Guayaquil Municipal Museum (Museo Municipal de Guayaquil) is a museum in Guayaquil, Ecuador. It contains artifacts, objects and historical items relating to the history of Guayaquil. It is considered the most important of the city and one of the best in the country. It is located in the center of the city of Guayaquil, in the same building as the Municipal Library.
Admission is free, but passports are required.

==History==
The museum has its origins in 1863 when an industrial museum was started by the politician and writer Pedro Carbo Noboa, making it the oldest in Ecuador, but it was not until 1908 that the museum was officially founded. The first director was Camilo Destruge Illingworth. The museum has gone through a variety of moves and renovations, acquiring its own building for the first time in 1916.

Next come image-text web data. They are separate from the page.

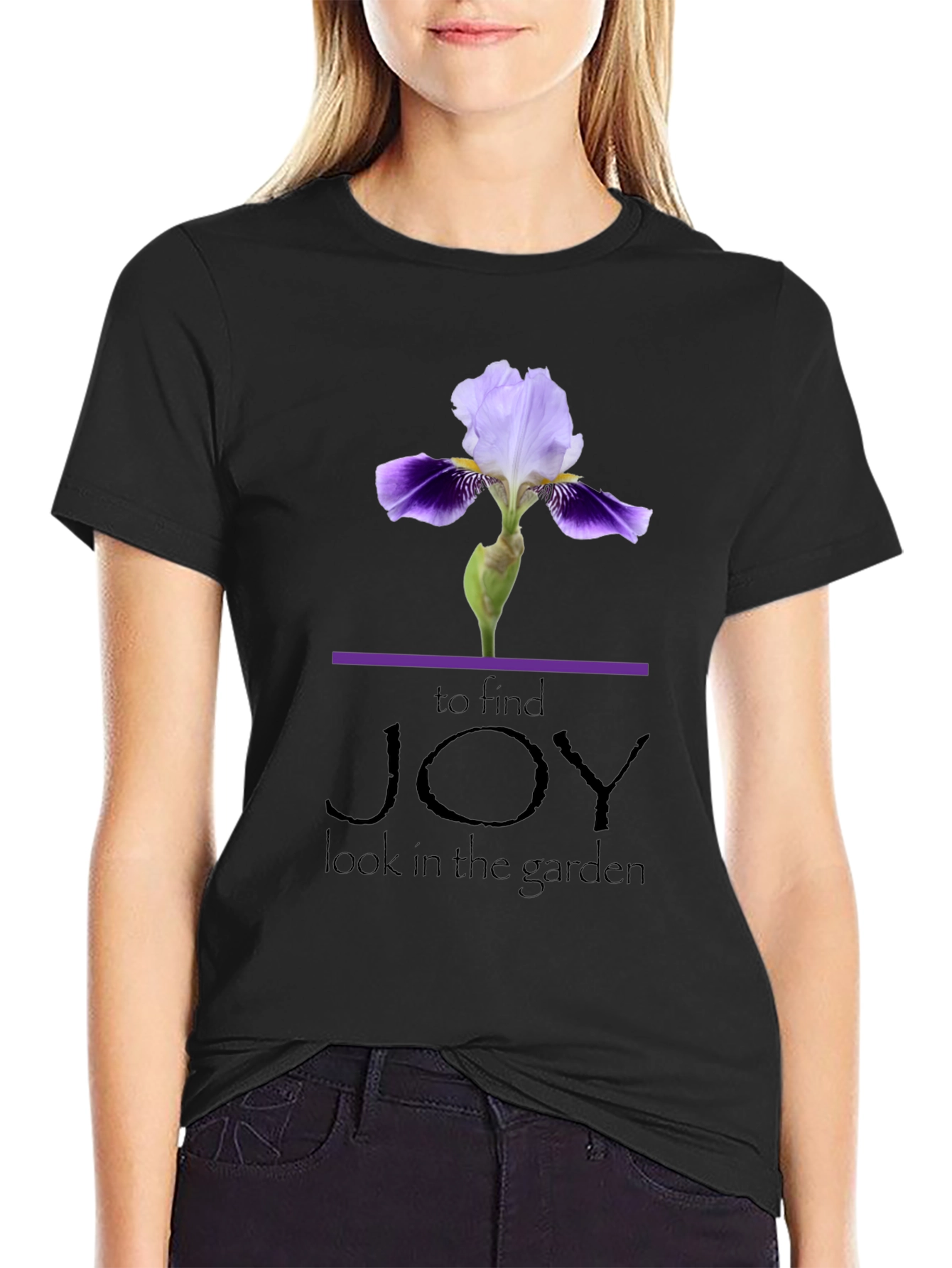 Find Joy Garden T-Shirt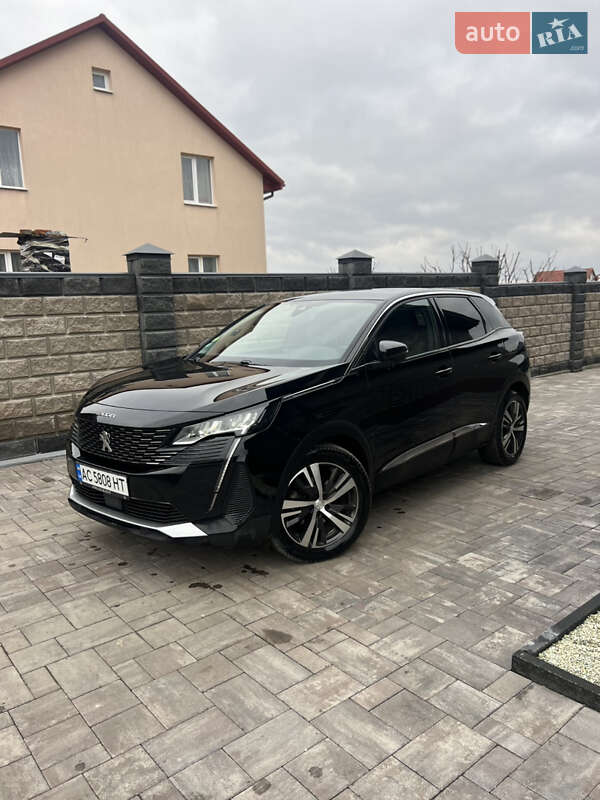 Внедорожник / Кроссовер Peugeot 3008 2022 в 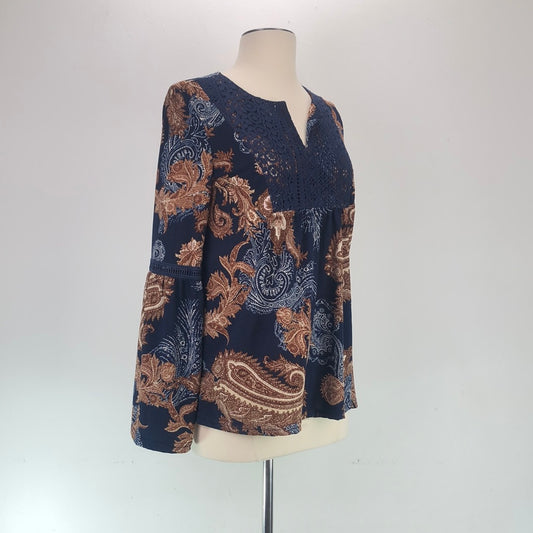 Blusa Azul Marino NewDirection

In 1971 the sculptor Yela Loffredo became the director of the museum. She found exhibits lying on the floor wrapped in newspaper. There was no basement for storage and the lights didn't work. She and her daughter, Tanya Loffredo had to sort things out.

==Exhibits==
The museum has the following rooms:

- Pre-Hispanic Room: ceramic, metal, and stone objects and handicrafts from the Valdivia, Machalilla and Chorrera cultures
- Colonial Room: includes Spanish firearms, a diorama from the old church of Santo Domingo, the layouts of Guayaquil traced between 1170 and 1772 by Francisco Requena and Ramon Garcia de Leon y Pizarro, and a scale model of the city made by architect Parsival Castro according to a sketch made in 1858 by Manuel Villavicencio"
- Religious Art Room: "an exhibition of mystic scenes comprised by religious paintings from the churches of Guayaquil; icons and archetypes of sacred art, and sculptures crafted by colonial artists like Diego Robles"
- Numismatic Room: coins, particularly the barter system

The museum also has a collection of tsantsas, or shrunken heads.

==Name==
In 2022 there was a retrospective exhibition of Yela Loffredo's work in "her" museum. The poet and writer Rosa Amelia Alvarado made an open request to the city's mayor to suggest that the Guayaquil Municipal Museum should be renamed after Yela Laffredo.